What to work on:
The full listing, from first line to last, should be set down again exactly.

Dataset extract:
........

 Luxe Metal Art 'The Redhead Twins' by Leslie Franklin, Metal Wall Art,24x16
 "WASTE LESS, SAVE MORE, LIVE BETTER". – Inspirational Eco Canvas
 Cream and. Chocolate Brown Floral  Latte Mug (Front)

........

Response below:
 Luxe Metal Art 'The Redhead Twins' by Leslie Franklin, Metal Wall Art,24x16
 "WASTE LESS, SAVE MORE, LIVE BETTER". – Inspirational Eco Canvas
 Cream and. Chocolate Brown Floral  Latte Mug (Front)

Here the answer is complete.